For the last week at least, as I stroll the ridge top garden I have been making a conscious effort to pick up the fallen branches and clear out the remnants of the taller perennials woody stalks. The winter did a good job of making a lot of it fade into the the forest floor. Plenty of debris still remains. It looks ratty and some of the newly emerging greenery has to work harder to push through. There is an acre of ridge top. Progress towards a cleaner wild garden comes incrementally.

The tiny Anemone blanda might be lost if the large flowers didn't shout above the brown forest floor.



















This stretch of hillside along the path was cleaned by a focused determination. Stacks of four foot long dried stalks were cut out and placed elsewhere. That stretch of green lawn looking stuff on the upper left of the path is a thick drift of the Spanish Bluebells, Hyacinthoides hispanica.













Other areas on this mountain need my attention too. In the last two days I spent quite a bit of time with a machete in what will one day be my own garden. I attacked the steep blackberry covered slope directly below the highway uncovering numerous native Hydrangea arborescens. More light and air will help these Hydrangea flourish. Then I flattened the thick aster and elderberry stands along the edges of the sunny utility valley.

All the while I am scouring the forest floor looking to see what may be coming up. The first Purple Violet, Viola sororia has bloomed at my place.

















Mayapple, Podophyllum peltatum looks deceptively like a Trillium when it is first coming up. Closer inspection reveals the more numerous leaf divisions.















The wild forest needs my attention too. I resist the urge to start gathering up the tons of fallen branches. That would take forever, but I sure want to. In the wild forest I should just learn and enjoy.

The single flower of the Bloodroot looks like it may bloom for all of half a day.
















Many of the closed flowers of the Forsythia Fog the day before had already shed their petals by late afternoon today.
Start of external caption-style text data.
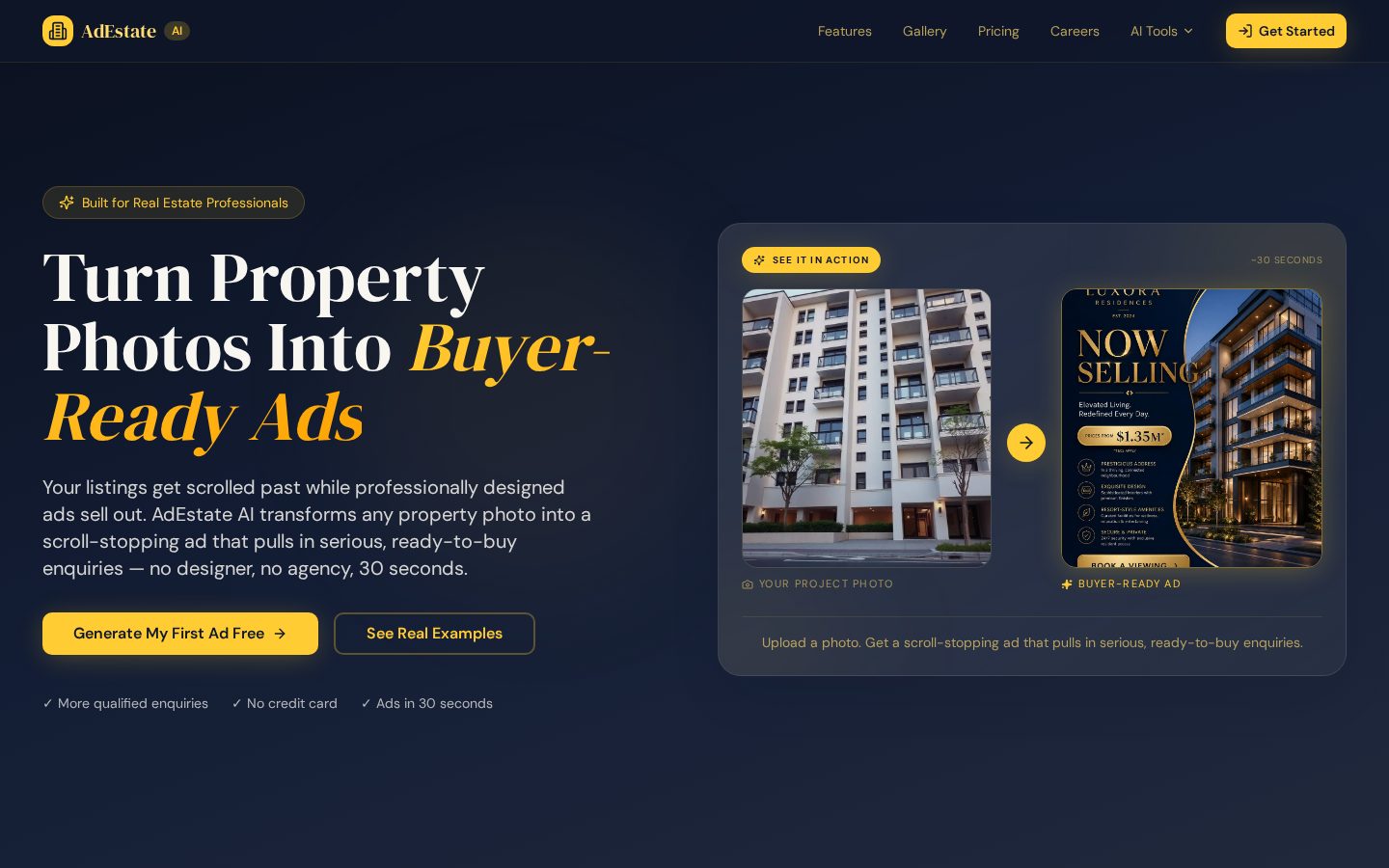 AdEstate AI Homepage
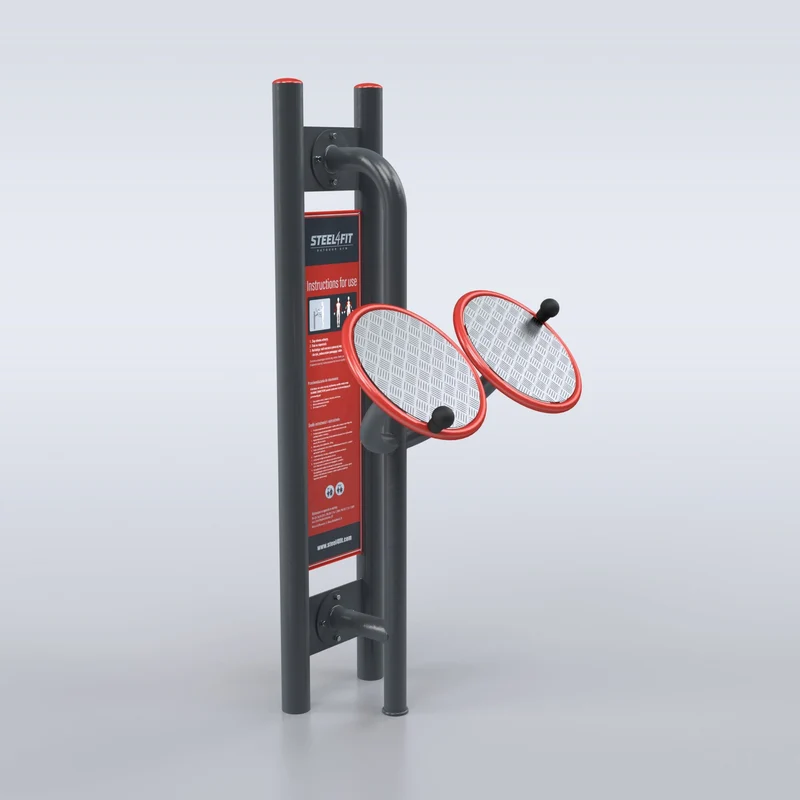 TRAINER Outdoor "4 Outdoor Gym Stations" Tai Chi Wheel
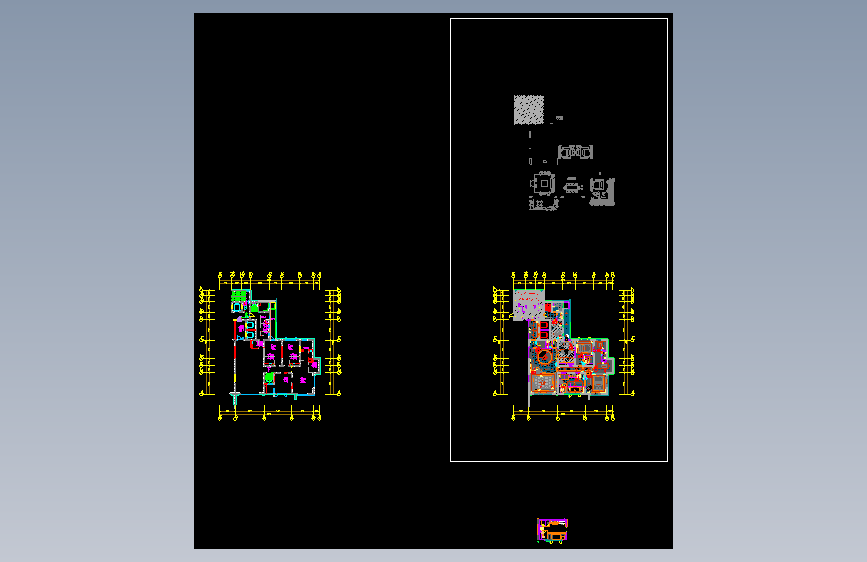 36.新中式-CAD施工图+效果图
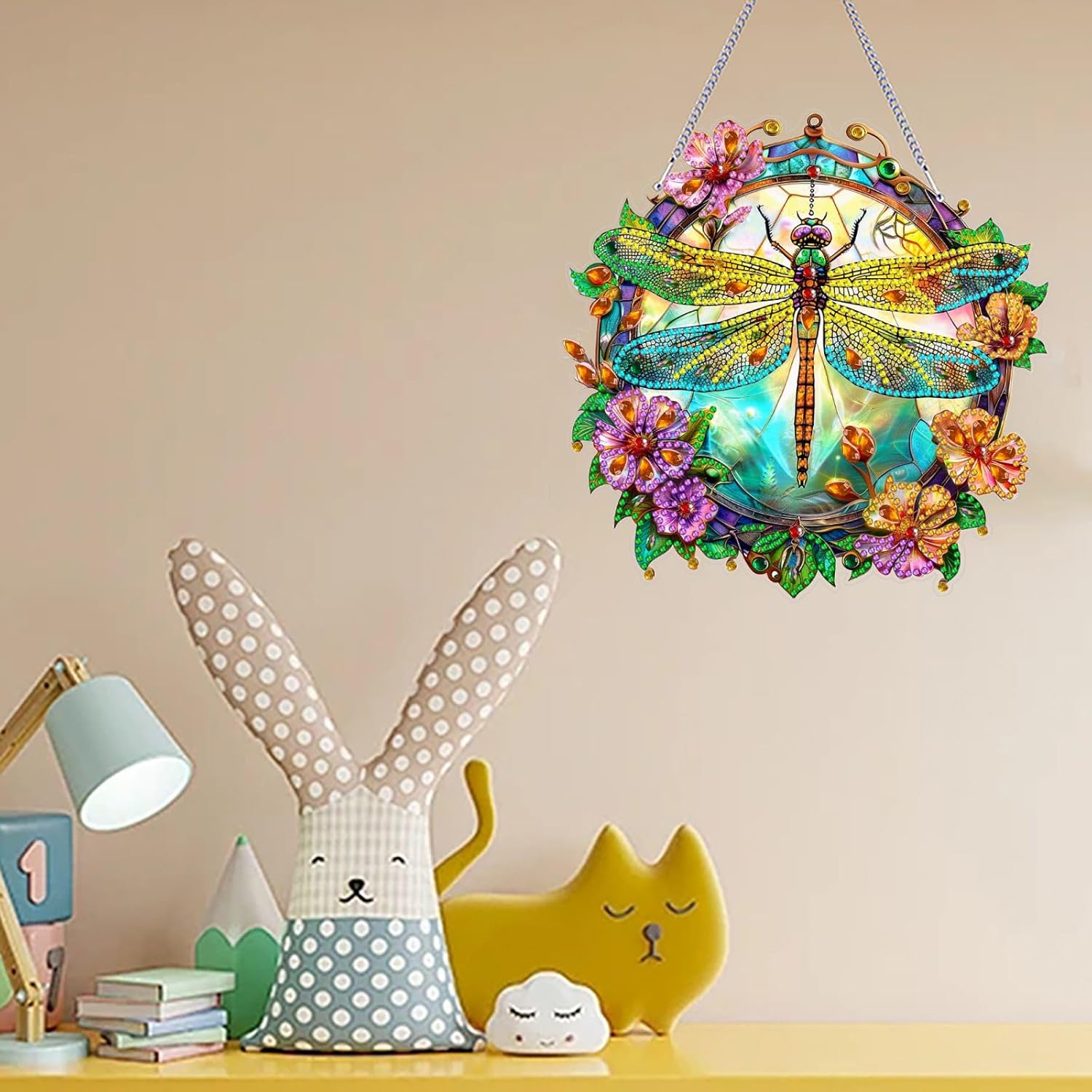 DIY Diamond Art Pendant Ornament with Chain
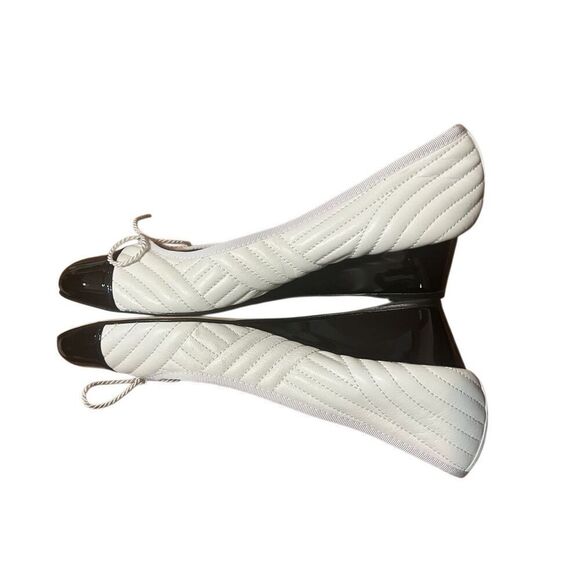 Paul Mayer attitudes NUBA QUILTED LEATHER ballet shoes WEDGE sz 10 - Picture 4 of 7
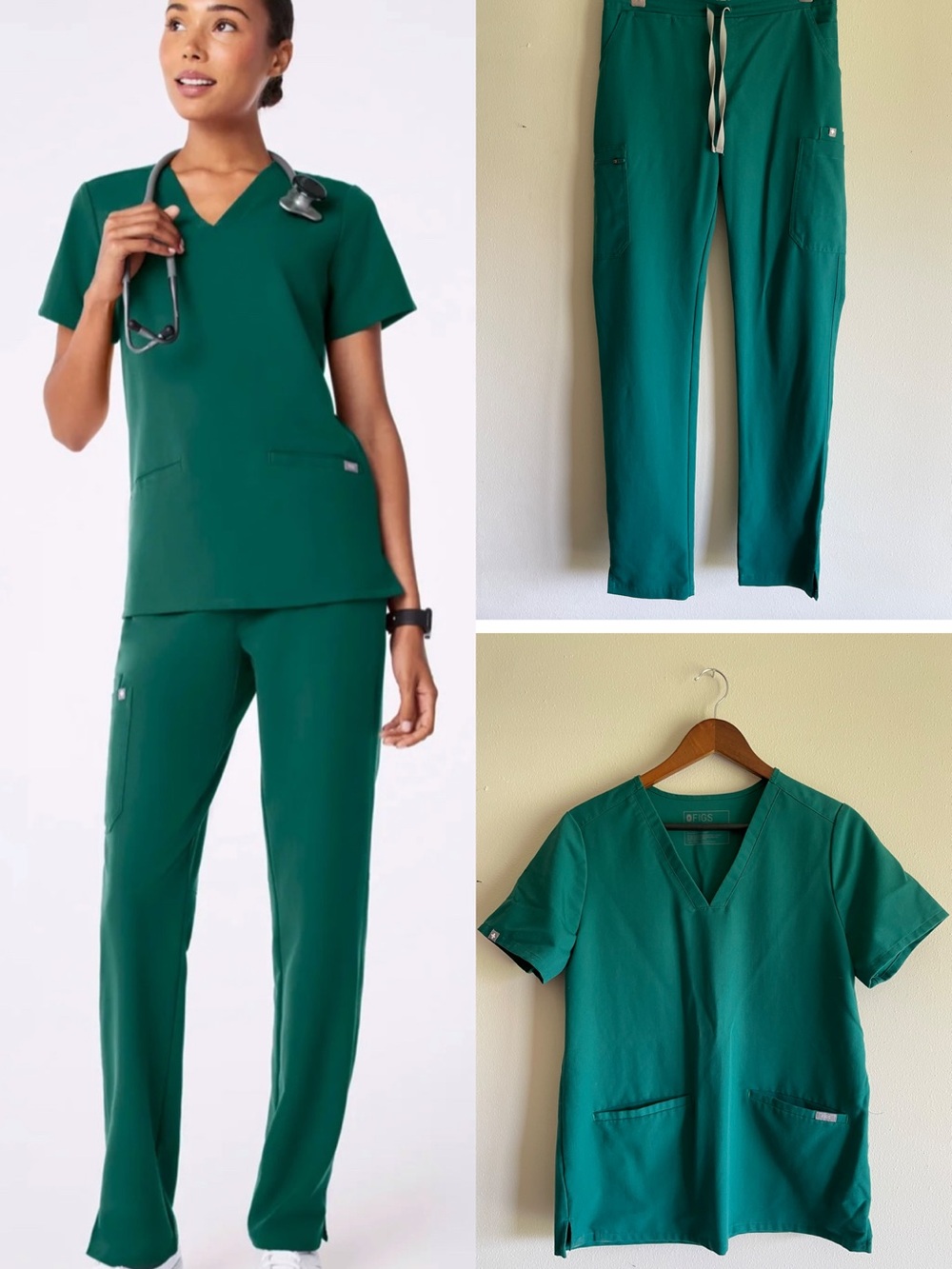 FIGS Scrubs Set | Casma Top & Yola High-Rise Slim Pant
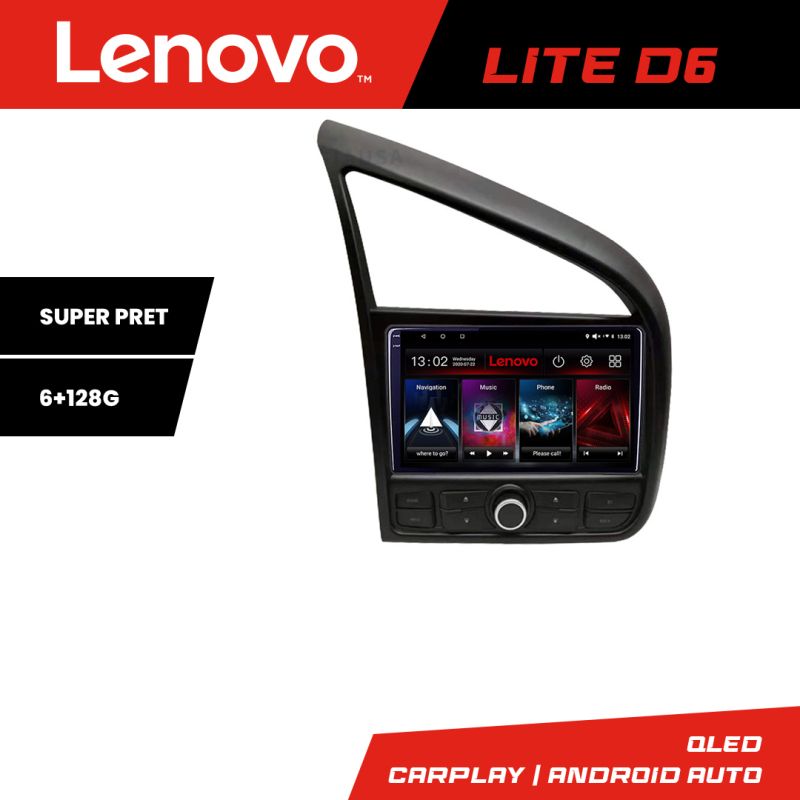 Navigatie MARCA Android radio gps internet 8 core 6+128 Lenovo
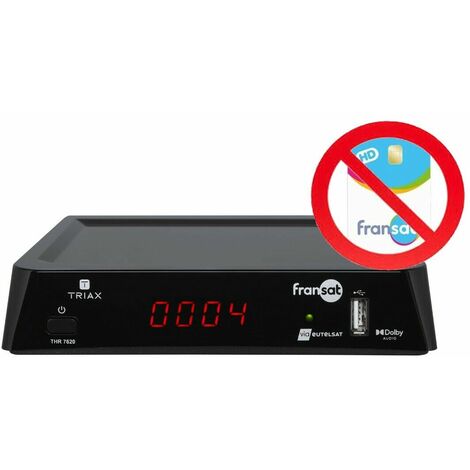 RECEPTEUR SATELLITE THR 7620 FRANSAT (EUTELSAT 5° OUEST) SANS CARTE FRANSAT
The Hepatica, Anemone acutiloba is just the opposite. More and more flowers are constantly added.













In plants where the flowers are beginning to fade the new leafs flush out.













The roadside vegetable garden is ready to go. To get there I walk through the upper sunny utility valley and that place is a mess. With all that sun the perennials grow extra tall. The stacks of debris from last years hard core tree trimming are piled along the edges. It would be nice if something was done to tidy up that area.

3 comments:

Lisa at Greenbow said...

It looks as though spring has really sprung on your mountain.

chuck b. said...

You're obsessed with debris in this post. I'm just starting to realize that you're very tidy. I didn't get that at all in Maui.

Christopher C. NC said...

Spring has definately sprung Lisa. I sure hope there isn't a repeat of last year.

Chuck I am tidy, not antiseptically tidy, but organized. I don't mind a little dust and cobwebs as long as what they're on is arranged neatly.